Oversimplification in Empirical Model
The empirical model, while simple, lacks the nuance to accurately capture the complex interplay of factors in milling force. It relies on fitting experimental data to a predetermined function, which can lead to oversimplification and inaccuracies, especially when applied to thin-walled workpieces or micro-milling where size effects and other intricacies become significant.
Idealized Conditions in Finite Element Model
While finite element analysis offers greater depth, the ideal conditions assumed in simulations (perfectly sharp tools, no vibrations, etc.) deviate significantly from real-world machining scenarios. This discrepancy can lead to inaccuracies in force predictions and hinder the model's practical applicability, especially for high-precision tasks.
Limited Scope of Lubrication Methods
The study primarily focuses on conventional dry or flood lubrication milling, neglecting the increasingly prevalent and environmentally friendly minimum quantity lubrication (MQL) and nanofluid MQL (nMQL) methods. This omission limits the applicability of the findings to modern machining practices.

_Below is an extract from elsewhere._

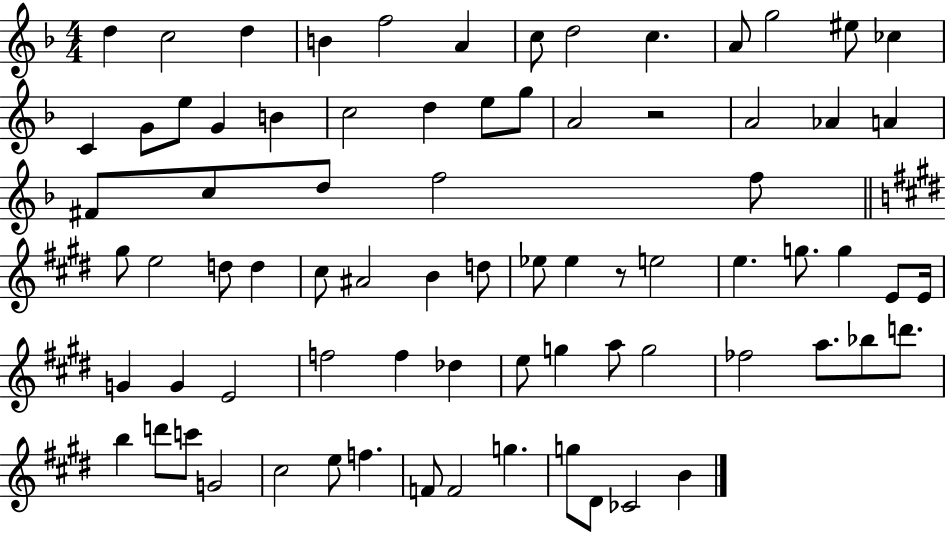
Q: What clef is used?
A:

The paper lacks a comprehensive database incorporating various materials, tools, coatings, and working conditions. This gap hinders the development of truly universal models applicable across diverse machining scenarios.
Neglect of Workpiece Chatter
The models do not adequately account for workpiece chatter, a critical factor affecting machining quality, especially in thin-walled parts. This oversight compromises the accuracy of force predictions and the ability to optimize for chatter-free machining.